■ Exercise aim:
Give again, exactly as written, each line of the material below starting at the line that contains "Rogério Cruz e" and ending at the line that contains "john-deere-a-image-6". Both ends count, and no other line does.

■ Raw data:
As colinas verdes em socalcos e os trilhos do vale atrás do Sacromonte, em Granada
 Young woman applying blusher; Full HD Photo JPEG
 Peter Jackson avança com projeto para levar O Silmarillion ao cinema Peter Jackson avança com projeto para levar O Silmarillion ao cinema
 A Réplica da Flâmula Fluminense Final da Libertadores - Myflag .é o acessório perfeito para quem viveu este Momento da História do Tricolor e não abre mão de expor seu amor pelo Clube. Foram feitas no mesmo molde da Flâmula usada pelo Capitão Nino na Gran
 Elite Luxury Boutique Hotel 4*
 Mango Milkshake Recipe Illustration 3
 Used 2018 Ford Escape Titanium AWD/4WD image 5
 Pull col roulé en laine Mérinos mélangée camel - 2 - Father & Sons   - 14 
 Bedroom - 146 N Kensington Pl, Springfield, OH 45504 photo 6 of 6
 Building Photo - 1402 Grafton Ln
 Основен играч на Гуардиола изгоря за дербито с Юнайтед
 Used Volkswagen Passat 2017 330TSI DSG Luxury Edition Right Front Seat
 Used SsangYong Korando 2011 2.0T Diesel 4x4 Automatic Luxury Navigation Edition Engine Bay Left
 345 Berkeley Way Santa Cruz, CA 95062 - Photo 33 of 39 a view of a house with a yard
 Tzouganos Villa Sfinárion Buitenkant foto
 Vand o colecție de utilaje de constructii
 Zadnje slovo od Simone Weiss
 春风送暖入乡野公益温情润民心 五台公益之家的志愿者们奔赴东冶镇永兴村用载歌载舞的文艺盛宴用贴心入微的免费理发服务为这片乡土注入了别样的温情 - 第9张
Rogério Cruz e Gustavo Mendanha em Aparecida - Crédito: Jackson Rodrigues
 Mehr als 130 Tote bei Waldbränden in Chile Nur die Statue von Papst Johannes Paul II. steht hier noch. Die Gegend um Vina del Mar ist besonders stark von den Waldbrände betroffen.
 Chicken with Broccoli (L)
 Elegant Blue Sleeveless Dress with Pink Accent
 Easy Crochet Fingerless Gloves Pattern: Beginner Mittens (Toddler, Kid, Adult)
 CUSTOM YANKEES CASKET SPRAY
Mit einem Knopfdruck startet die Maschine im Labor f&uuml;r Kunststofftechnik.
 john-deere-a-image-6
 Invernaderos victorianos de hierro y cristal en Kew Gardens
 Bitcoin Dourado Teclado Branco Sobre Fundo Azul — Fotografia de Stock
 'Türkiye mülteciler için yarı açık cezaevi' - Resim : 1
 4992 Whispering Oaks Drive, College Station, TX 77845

■ Problem solution:
Rogério Cruz e Gustavo Mendanha em Aparecida - Crédito: Jackson Rodrigues
 Mehr als 130 Tote bei Waldbränden in Chile Nur die Statue von Papst Johannes Paul II. steht hier noch. Die Gegend um Vina del Mar ist besonders stark von den Waldbrände betroffen.
 Chicken with Broccoli (L)
 Elegant Blue Sleeveless Dress with Pink Accent
 Easy Crochet Fingerless Gloves Pattern: Beginner Mittens (Toddler, Kid, Adult)
 CUSTOM YANKEES CASKET SPRAY
Mit einem Knopfdruck startet die Maschine im Labor f&uuml;r Kunststofftechnik.
 john-deere-a-image-6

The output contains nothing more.